—Hum… —hizo Vaoran, acariciándose la barbilla— .Tenéis razón al preocuparos, capitán. He estado pensando en ello, y creo que sería mejor modificar nuestro plan inicial… Más prudente que hacerle prisionero, como teníamos previsto, resultaría… suprimirle.
Miró a su alrededor para observar el efecto general de sus palabras. Como nadie habló durante un minuto, más o menos, Grai tosió quedamente.
—Si se me permite unir mi voto al de Vaoran, yo estoy conforme. Esa criatura podría causamos problemas. Más vale acabar con ella de una vez, que correr riesgos innecesarios.
Si alguno de los hombres tuvo dudas, quedaron ahogadas por la opinión de la mayoría. Vaoran hizo un gesto afirmativo y se puso de pie.
—Muy bien, señores. Así pues, sólo nos resta esperar que llegue el momento. Gracias por haber venido, y os deseo toda la suerte posible. ¡Confiemos en que esto marque un nuevo comienzo para la ciudad que tanto amamos!
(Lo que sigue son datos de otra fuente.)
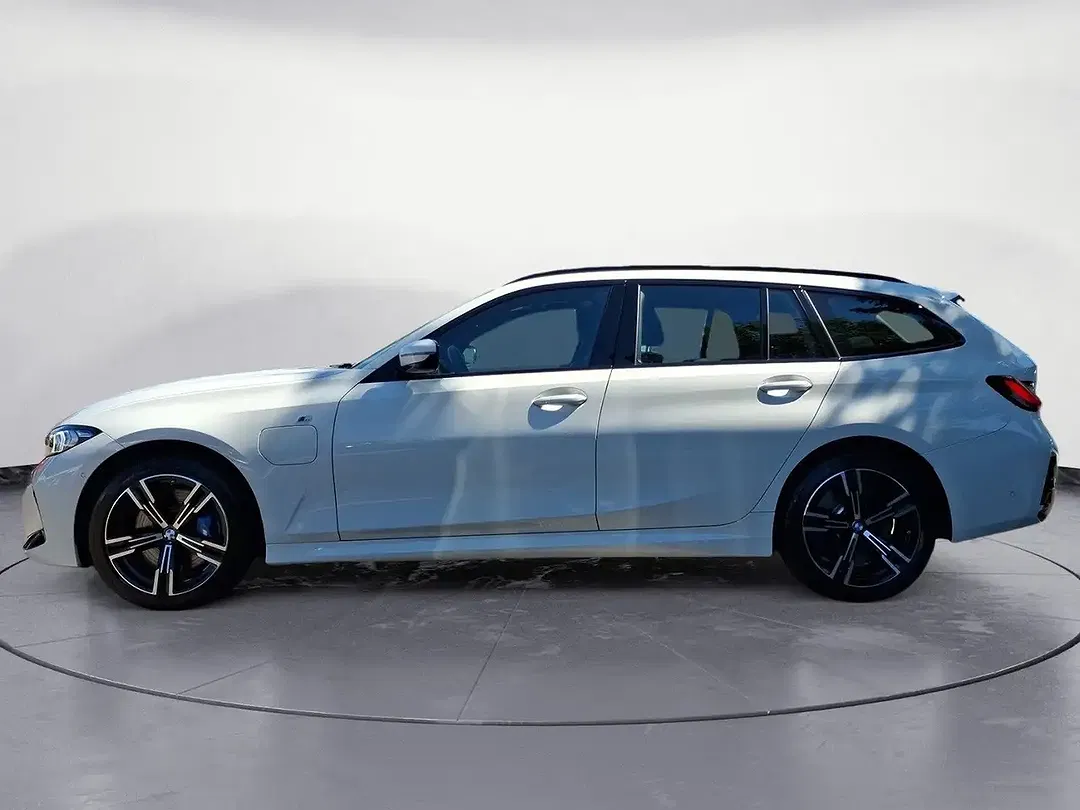 BMW 330 - Thumbnail 2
Los asistentes a la reunión se fueron como habían acudido: en grupos de dos o tres para no llamar la atención. Grai fue uno de los últimos en salir, y cuando Vaoran le acompañó hasta la puerta, el rollizo consejero se volvió con una sonrisa.
—Príncipe Vaoran —dijo, y miró al otro de arriba abajo—. Os sienta bien el título, amigo. ¡Creo que vuestra dinastía será la mejor que Haven haya tenido en muchos años!
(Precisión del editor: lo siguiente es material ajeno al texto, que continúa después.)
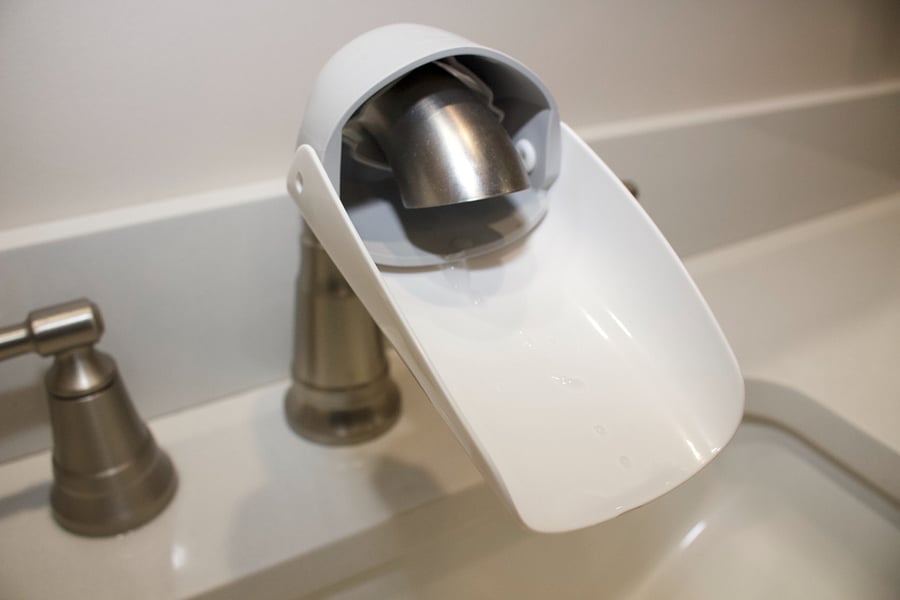 Faucet extender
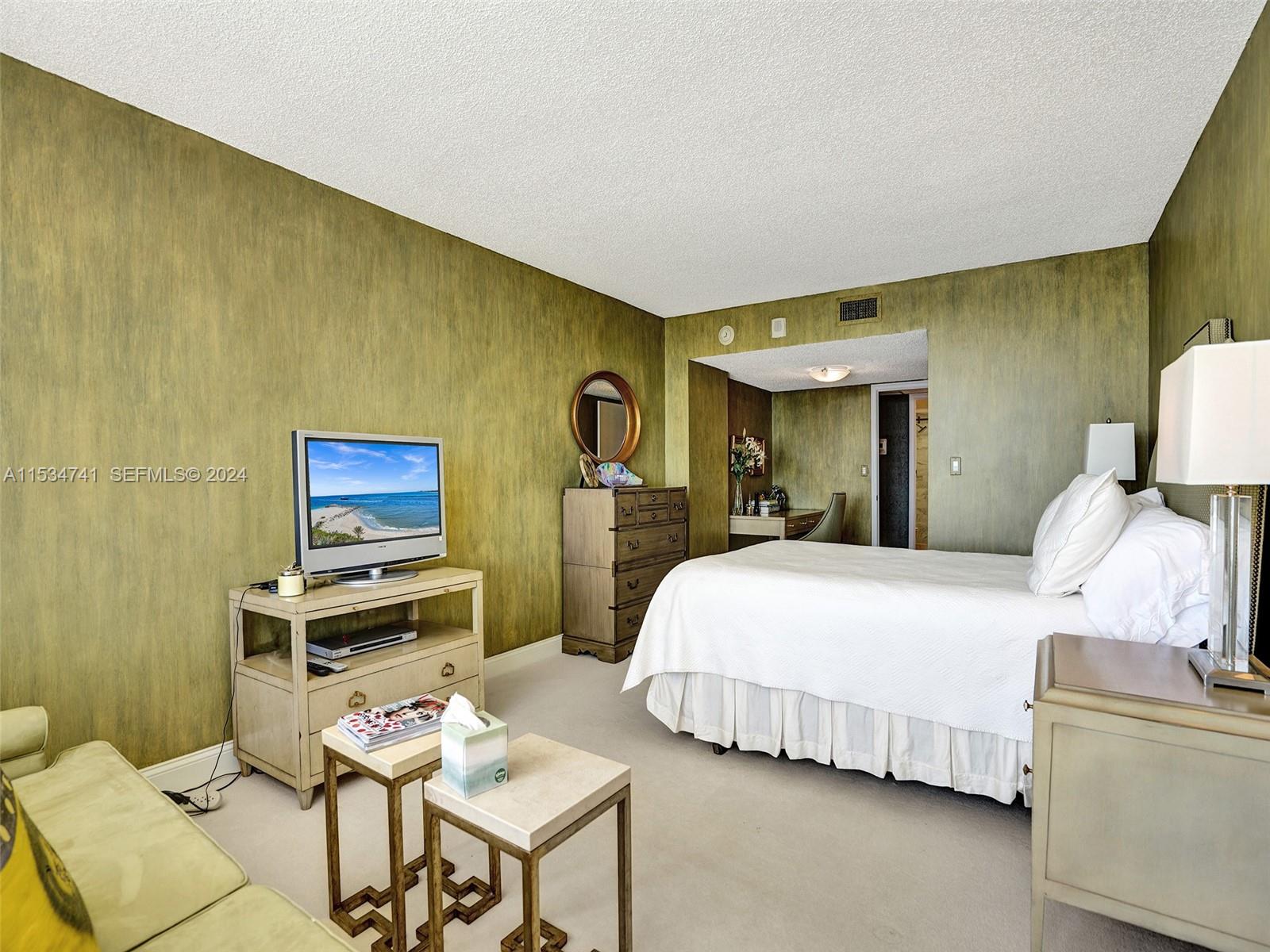 2200 S Ocean Lane 508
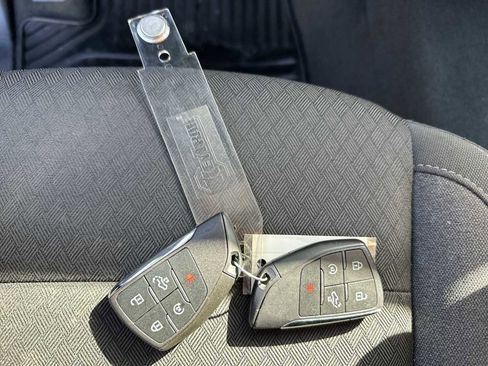 Used 2025 Chevrolet Silverado 2500 LT w/ Convenience Package image 26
Haven se preparaba para la Noche de Muerte, y los presentimientos de Kyre aumentaban cada día.
Reconocía que los hombres de DiMag hacían todo cuanto estaba en sus manos para preparar el enfrentamiento con las fuerzas del mar, pero le constaba que no era suficiente. En las raras ocasiones en que el total agotamiento le obligaba a concederse una o dos horas de sueño, la imagen de Calthar —tal como la viera la última vez— le estropeaba el descanso: Calthar con sus monstruosas y putrefactas predecesoras, la ininterrumpida cadena de Madres a lo largo de los siglos, desde aquella primera traidora que fundara la ciudadela del mar…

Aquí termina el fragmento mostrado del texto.